The Very Best of Beverly Sills
Beverly Sills (soprano) sings arias from Rossini’s Il barbiere di Siviglia; Verdi’s Rigoletto; Donizetti’s Don Pasquale; Lehar’s Merry Widow; Massenet’s Thais; Rossini’s L’assedio di Corinto; Verdi’s La traviata.
The Very Best of the Singers series.
EMI Classics 863172 [2CDs]
EMI Classics’ release of The Very Best of Bevery Sills is a mixed bag. Unlike similar EMI compilations of Maria Callas, Mirella Freni, or Lucia Popp, who all present an array of signature arias or art songs, this release should be re-titled Some of Beverly Sills’ Opera Scenes and a Few Arias. Though Sills performs with an impressive cast, including Alfredo Kraus, Nicolai Gedda, Sherrill Milnes, and Samuel Ramey, this recording would be much more satisfying if is showcased more of signature Sills.

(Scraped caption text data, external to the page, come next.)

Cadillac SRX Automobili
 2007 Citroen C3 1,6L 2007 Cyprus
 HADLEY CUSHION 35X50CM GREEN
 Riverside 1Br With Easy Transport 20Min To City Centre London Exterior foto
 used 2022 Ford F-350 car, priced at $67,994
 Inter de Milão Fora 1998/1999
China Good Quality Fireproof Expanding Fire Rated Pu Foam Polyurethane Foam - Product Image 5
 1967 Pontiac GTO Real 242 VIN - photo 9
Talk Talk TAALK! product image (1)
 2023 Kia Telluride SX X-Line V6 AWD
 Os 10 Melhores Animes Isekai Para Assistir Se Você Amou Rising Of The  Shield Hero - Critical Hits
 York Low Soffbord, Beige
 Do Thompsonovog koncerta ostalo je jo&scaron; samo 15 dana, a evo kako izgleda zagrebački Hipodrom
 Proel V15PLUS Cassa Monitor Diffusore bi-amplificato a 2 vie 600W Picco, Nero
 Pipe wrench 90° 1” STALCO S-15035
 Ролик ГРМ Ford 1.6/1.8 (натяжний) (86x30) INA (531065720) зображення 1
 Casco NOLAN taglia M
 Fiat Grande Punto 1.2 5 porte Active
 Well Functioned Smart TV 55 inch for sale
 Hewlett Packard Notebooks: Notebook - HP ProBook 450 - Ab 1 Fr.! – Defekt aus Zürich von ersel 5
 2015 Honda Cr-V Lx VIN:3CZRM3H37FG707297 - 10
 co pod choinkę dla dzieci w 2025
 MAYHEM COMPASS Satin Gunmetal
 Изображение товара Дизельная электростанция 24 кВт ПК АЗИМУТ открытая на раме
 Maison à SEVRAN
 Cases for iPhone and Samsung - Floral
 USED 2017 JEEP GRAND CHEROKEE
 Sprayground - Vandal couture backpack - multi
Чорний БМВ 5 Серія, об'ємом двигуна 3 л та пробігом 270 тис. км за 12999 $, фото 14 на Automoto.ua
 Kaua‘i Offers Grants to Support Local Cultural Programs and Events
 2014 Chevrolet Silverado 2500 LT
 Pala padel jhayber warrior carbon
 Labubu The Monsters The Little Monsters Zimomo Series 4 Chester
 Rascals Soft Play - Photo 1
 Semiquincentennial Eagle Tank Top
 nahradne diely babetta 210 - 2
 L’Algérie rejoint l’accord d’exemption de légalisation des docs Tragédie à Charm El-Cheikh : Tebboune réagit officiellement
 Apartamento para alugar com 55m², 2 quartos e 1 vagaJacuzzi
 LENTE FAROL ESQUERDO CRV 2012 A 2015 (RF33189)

The CD is divided into a few of her famous roles, featuring an aria or two from each role as well as several pivotal scenes from the opera. Highlighted roles include Rosina of Il barbiere di Siviglia, Gilda of Rigoletto, Norina of Don Pasquale, and Violetta of La traviata. A few arias are randomly included on the second CD, such as “Vilia”, “Dis-moi que je suis belle”, and “Cielo! Che diverro?… Ah! Che spiegar.”
If this recording’s intention was to focus on bel canto repertoire, it has made a grave mistake forgetting Sill’s premier roles in Lucia Di Lammermoor, Anna Bolena, Maria Stuarda and Roberto Devereux. What about her excellent interpretation of French repertoire — Manon, Faust, La Fille Du Regiment, or The Tales of Hoffman? What about her world premier role Baby Doe? This is hardly The Best of Beverly Sills.
Despite faults in recording choices, Sills still exhibits vocal mastery and sensitive musicianship. The recordings span from 1972-1979, from the height of her career toward retirement. Changes in suppleness of her voice are apparent throughout the disc. Her Rosina and Violetta, recorded in 1975 and 1972 respectively, reveal a silvery line, crystalline tone, appropriate weight of the voice, and masterful phrasing. Her coloratura in “Una voce poco fa” is very impressive, especially when executing scalar runs from a well-endowed chest voice to the stratosphere. Everything from her La traviata excerpts is magnificent, from the buoyant line in “Sempre libre” to her audible distraught phrasing in “Ah! Dite alla giovine.”
Recordings from the end of her career reveal reasons why the end was coming. Excerpts from Rigoletto expose a more brittle sound, wider vibrato, and a less brilliant top. However, her “Caro Nome” still stuns the listener with virtuosic trilling, masterful messa di voce, silky lyricism, and impeccable staccato. The vocal weight in this aria brings back memories of an earlier, more youthful Sills, and is entirely appropriate for the role of Gilda. Only in the final cadenza does she punch the coloratura and add too much weight.
There are many compilations of Beverly Sill’s best recordings, and this is not one of them. Fortunately, EMI has a previous release entitled The Art of Beverly Sills which features all of her signature arias from the height of her career.